Il piano industriale di UniCredit porta molti organi di stampa a ragionare sulle che potranno essere le ricadute. Huffington Post analizza il contesto richiamando uno studio di First Cisl sugli utili delle cinque principali banche italiane. Eloquente il titolo dell’articolo firmato da Giuseppe Colombo: “Banchieri ricchi. Bancari a casa”.
“Il paradigma che sta alla base del nuovo piano di Unicredit – scrive Giuseppe Colombo – ha tutto tranne che le sembianze di una mosca bianca. È un altro tassello che si va ad aggiungere a quello che è un trend: i banchieri sono sempre più ricchi, i bancari vanno sempre più frequentemente a casa. I numeri, più di ogni altra considerazione, attestano il cambiamento di pelle”.
“Eccoli, in uno studio del sindacato bancario First Cisl, quelli delle prime cinque banche italiane (Intesa Sanpaolo, UniCredit, Banco Bpm, Mps e Ubi) nei primi nove mesi del 2019: in un anno gli utili netti sono schizzati a 8,7 miliardi, +38,5 per cento. I posti di lavoro andati in fumo sono stati 9.190, gli sportelli chiusi 1.013”.
“Unicredit – si legge ancora su Huffpost – è tra le big five e la strategia delineata dal ceo Jean Pierre Mustier da qui al 2023 altro non fa che rafforzare una direzione di marcia ben definita. Le grandi banche, insomma, si muovono in blocco, non hanno dubbi nell’indirizzare le proprie politiche verso un assottigliamento della cosiddetta forza lavoro. La digitalizzazione ha investito il settore e ha facilitato i manager in questa operazione, ma non è una questione legata solo alla possibilità di impiegare le macchine al posto dei dipendenti. Quella in atto è una mutazione cercata, voluta, che stravolge la piramide della ricchezza interna alle banche. La base viene sempre più ridotta per far sì che la punta, cioè i vertici, sia sempre più larga in termini non tanto di poltrone quanto di peso specifico delle poltrone stesse. Peso che si traduce in remunerazioni, soldi”.
Nel suo articolo Giuseppe Colombo, tornando ai numeri delle big five bancarie nazionali, evidenzia che l’Italia registrerà il maggior numero di esuberi UniCredit che sono destinati ad incrementare la platea dei bancari che hanno subito il taglio. “Le nuove uscite – scrive il giornalista – si andranno così a sommare alle oltre novemila che si sono già registrate da settembre dello scorso anno a quello del 2019. Il calo degli occupati e degli sportelli è stato imponente: mille filiali in meno rispetto (- 6,6%) e dipendenti ridotti del 3,6 per cento.
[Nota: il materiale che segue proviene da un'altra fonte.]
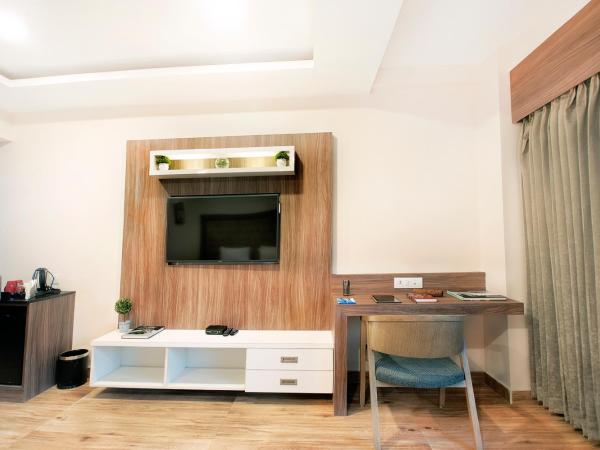 ABM Boutique Hotel by Purple Cloud : photo 6 de la chambre chambre deluxe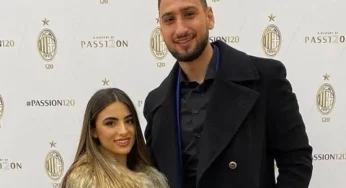 PSG goalkeeper Gianluigi Donnarumma, partner attacked in Paris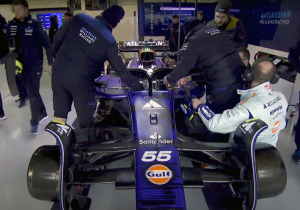 El SECRETO del nuevo FW47 de Carlos Sainz para 2025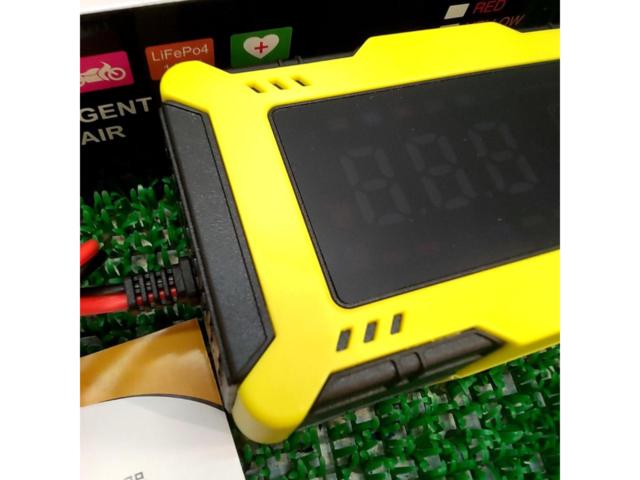 UL
Japan
12V battery charger
FX203P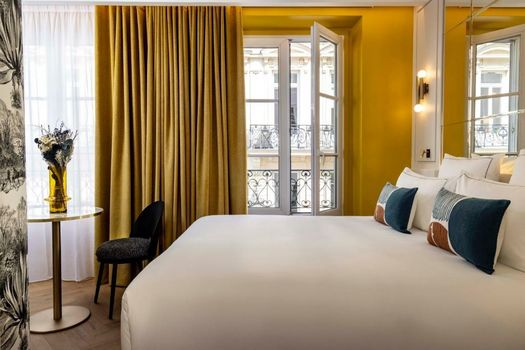 Hôtel La Canopée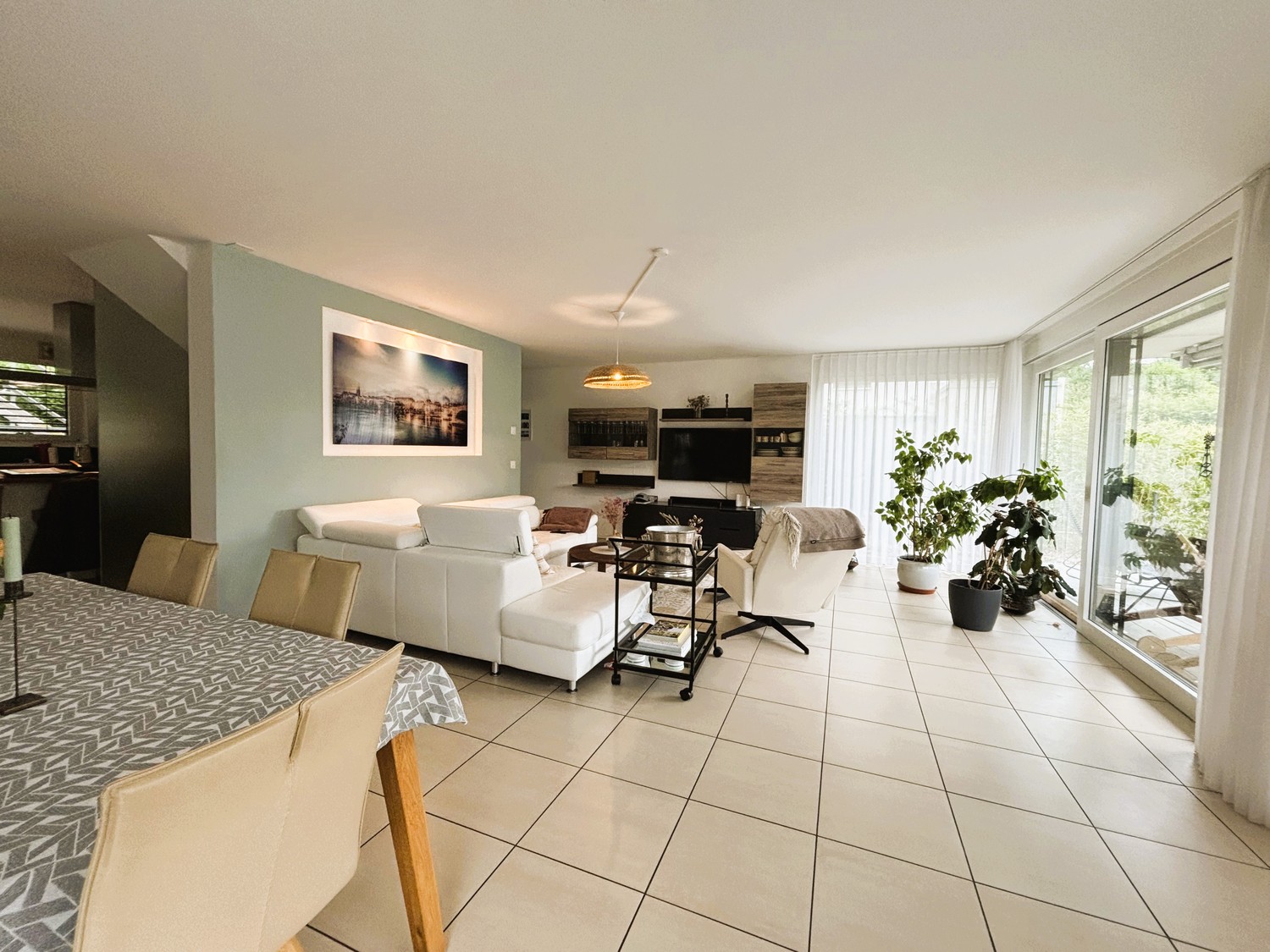6 ½ rooms single house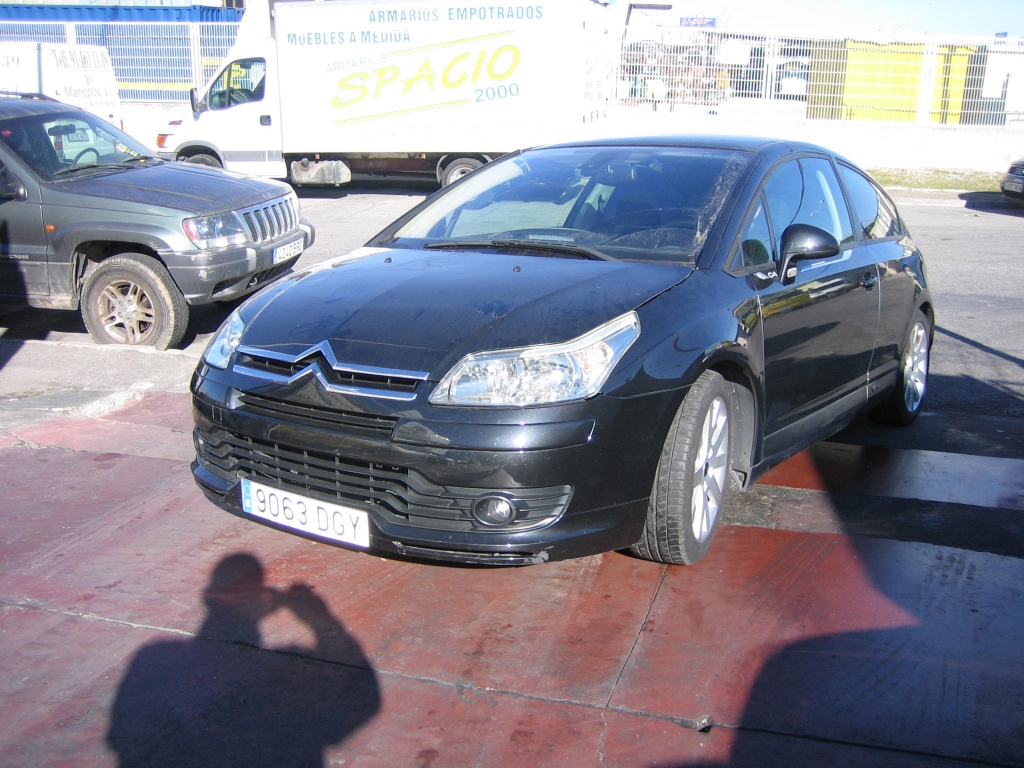 CITROEN C-4 2.0 HDI VTR PLUS 136CV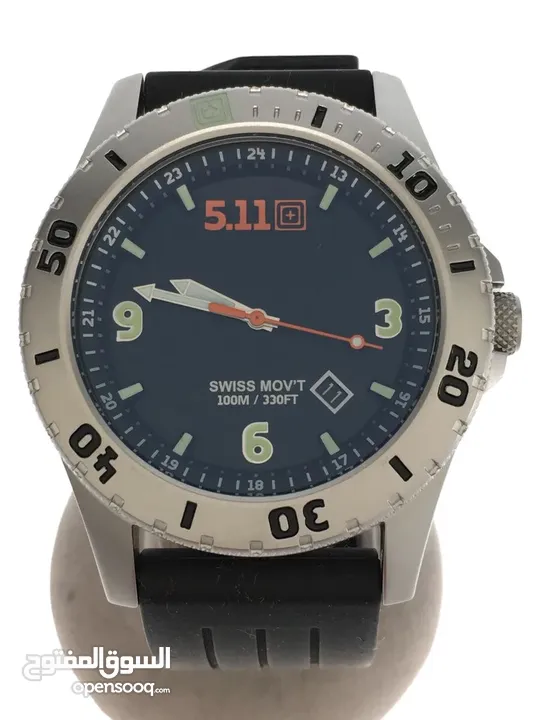 للبيع ساعة عسكرية فاخرة ماركة 5.11 الأصلية بنصف الثمن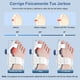 thumbnail image 2 of Corrector de Juanetes para Mujer y Hombres con Dedo Grande, Férula Ajustable para Alivio Del Dolor, Corrección de Hallux Valgus, Blanco, 2 of 9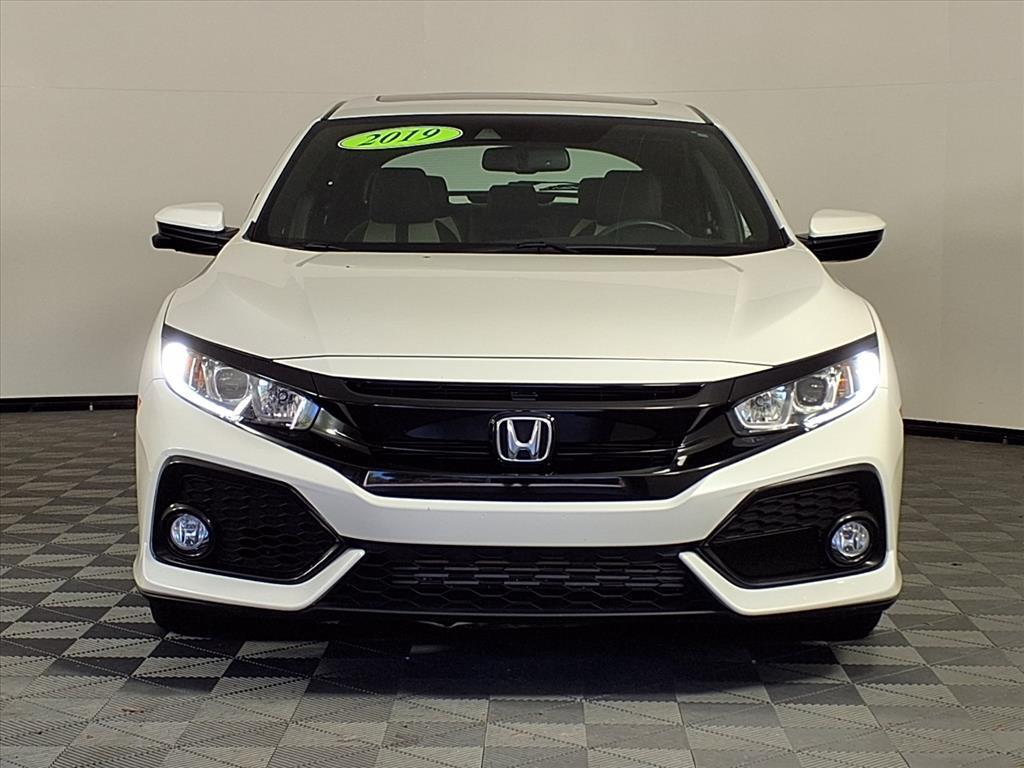 used 2019 Honda Civic car, priced at $23,328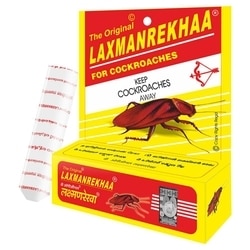Laxman Rekhaa Insecticide Chalk for Cockroaches 3
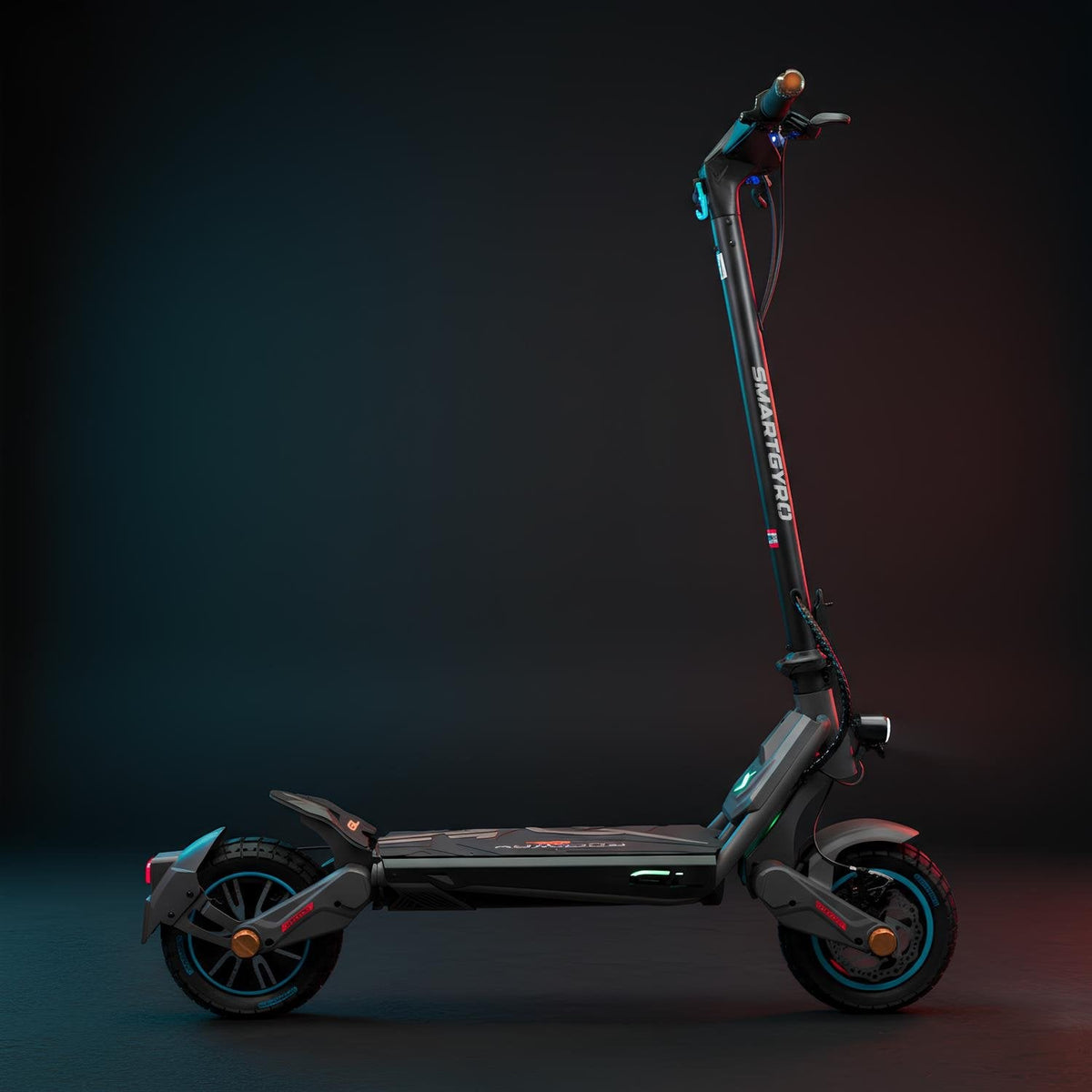 Patinete Electrico Smartgyro Rockway Gl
I dipendenti delle cinque banche erano 256.723, ora sono 247.533. Gli sportelli sono passati da 15.307 a 14.294. Questa dinamica, che accomuna i big player, apre quantomeno un problema strutturale e cioè il ridimensionamento della forza contrattuale in capo alla politica e ai sindacati”.
“Le trattative sugli esuberi messi in campo nel 2019 – si legge ancora su Huffpost – hanno dato prova di quanto sia difficile intervenire su una dinamica così strutturata e che coinvolge un mercato largo, non restringibile nei confini nazionali. E questo ragionamento vale per le banche come per i colossi industriali”.
Amara la conclusione del servizio di Giuseppe Colombo che elenca le varie crisi aziendali – UniCredit l’ultima – per il quale “la politica si rivela distratta di fronte a una prospettiva drammatica, all’ennesima emorragia di posti di lavoro, a un sistema produttivo che si sta impoverendo. E a dinamiche che richiedono inevitabilmente anche un nuovo paradigma nella politica”.